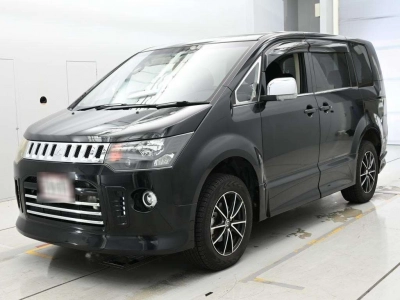 MITSUBISHI DELICA D:5
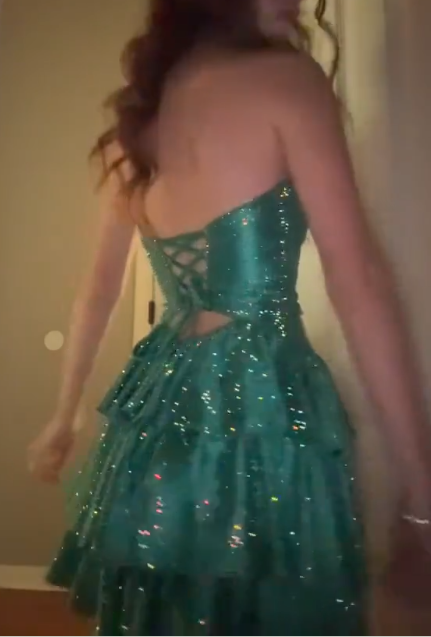 New Homecoming Dress Sweetheart Sequins Cascade Back to School Outfits Party Dress D6871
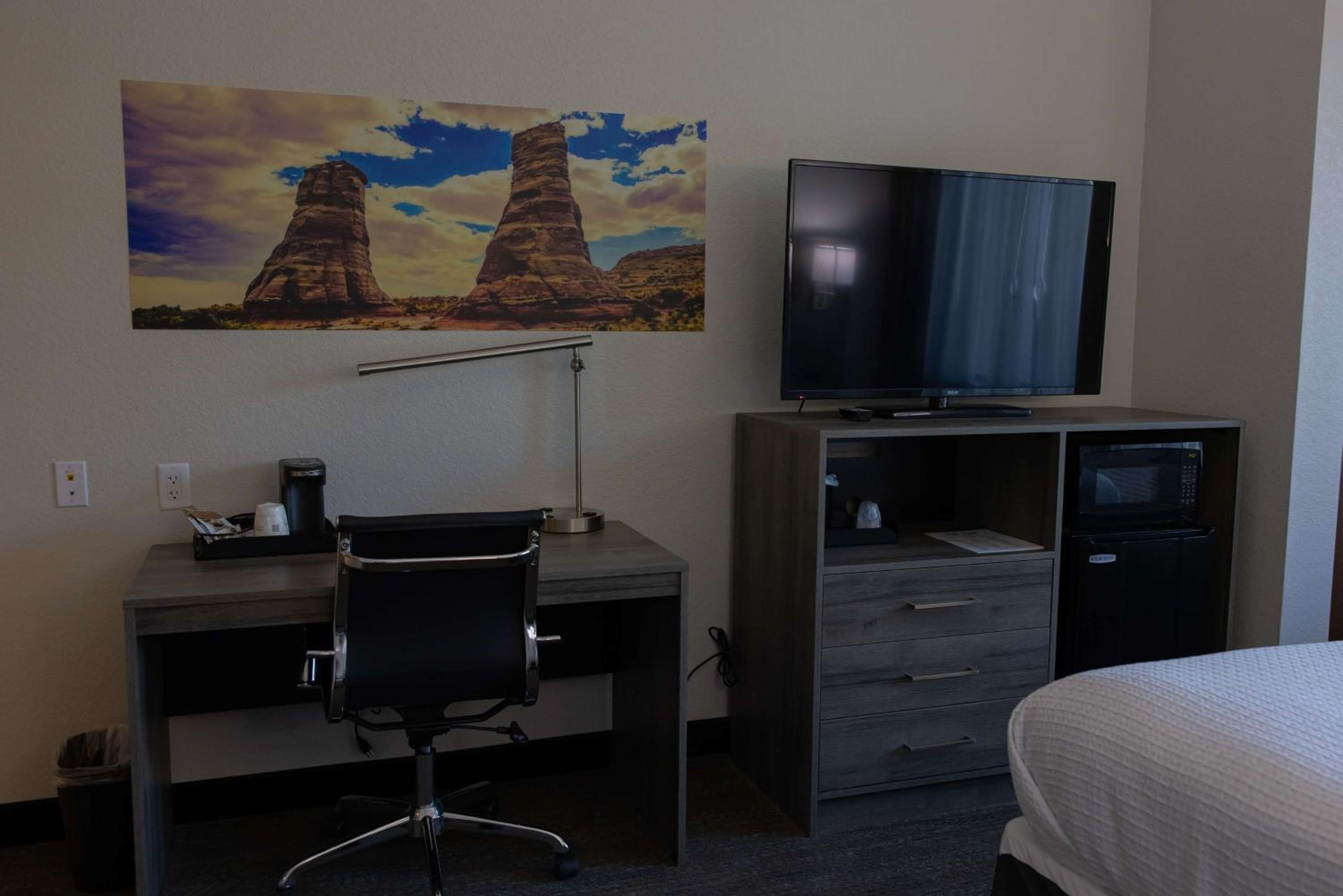 One-Bedroom King Suite with Roll-In Shower, Sofa Bed and Kitchenette - Disability/Non-Smoking - Photo 12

========

Copy all the data exactly as written, but skip any picture.

 MITSUBISHI DELICA D:5
 New Homecoming Dress Sweetheart Sequins Cascade Back to School Outfits Party Dress D6871
 One-Bedroom King Suite with Roll-In Shower, Sofa Bed and Kitchenette - Disability/Non-Smoking - Photo 12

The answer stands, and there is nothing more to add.